■ THE PROBLEM ■
Leave the pictures out. Return the rest of the listing below exactly.

■ RECORDED INFORMATION ■
☆ ☆ ☆ ☆
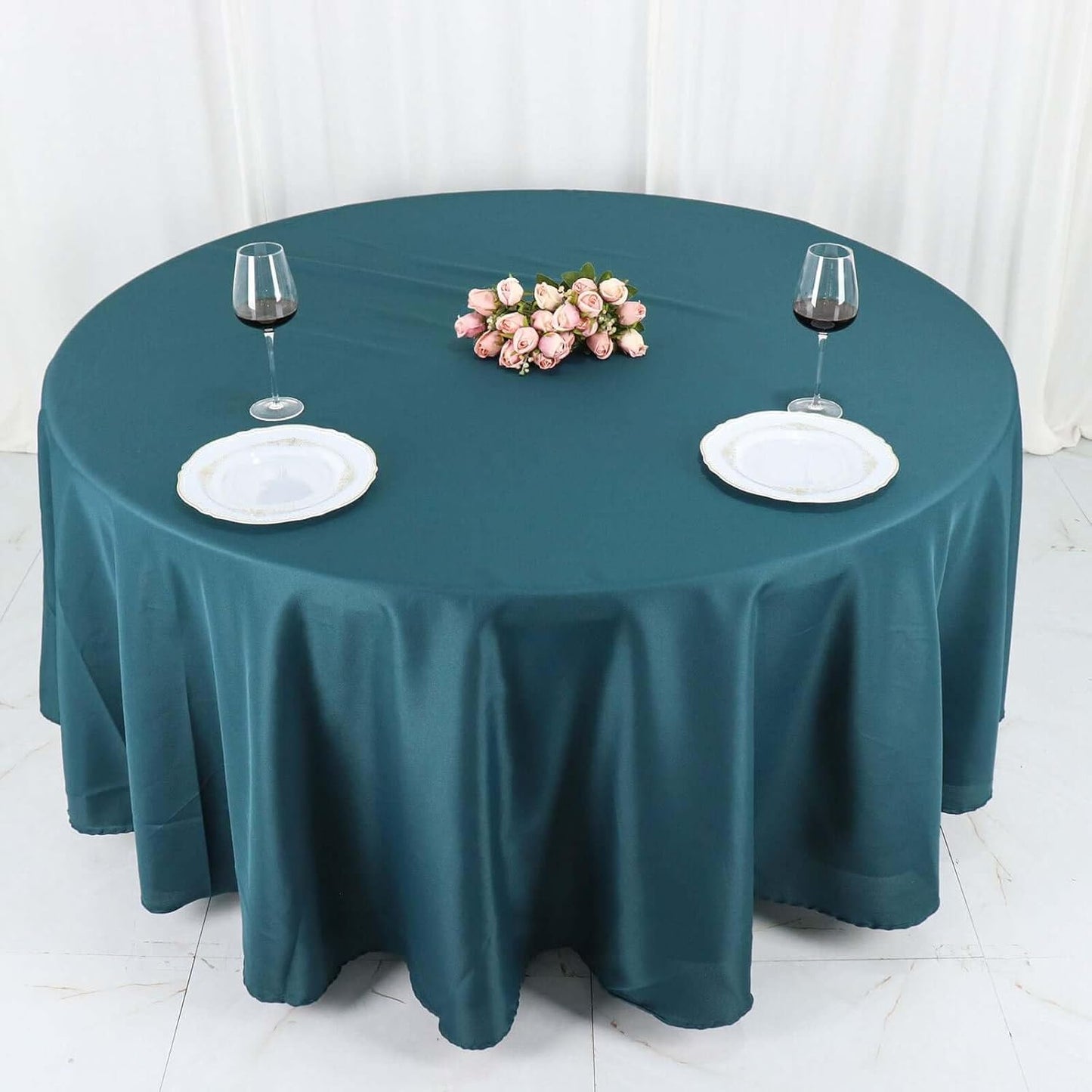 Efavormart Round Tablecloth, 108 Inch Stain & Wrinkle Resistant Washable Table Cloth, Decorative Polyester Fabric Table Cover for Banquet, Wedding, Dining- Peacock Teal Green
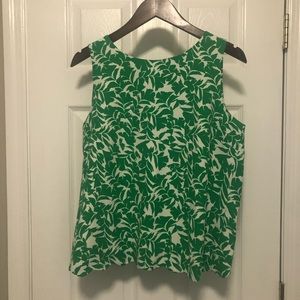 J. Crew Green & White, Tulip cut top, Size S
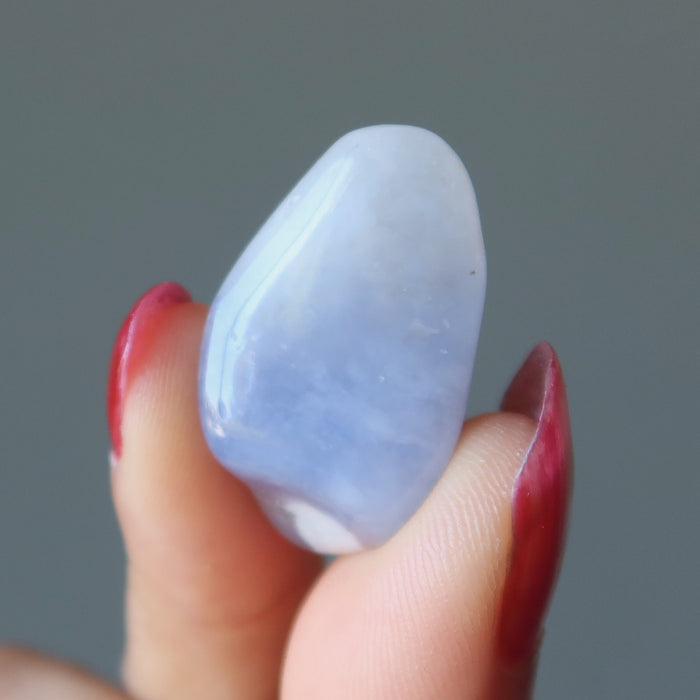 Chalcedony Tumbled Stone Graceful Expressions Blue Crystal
☆ ☆ ☆ ☆
■ WRITTEN SOLUTION ■
 Efavormart Round Tablecloth, 108 Inch Stain & Wrinkle Resistant Washable Table Cloth, Decorative Polyester Fabric Table Cover for Banquet, Wedding, Dining- Peacock Teal Green
 J. Crew Green & White, Tulip cut top, Size S
 Chalcedony Tumbled Stone Graceful Expressions Blue Crystal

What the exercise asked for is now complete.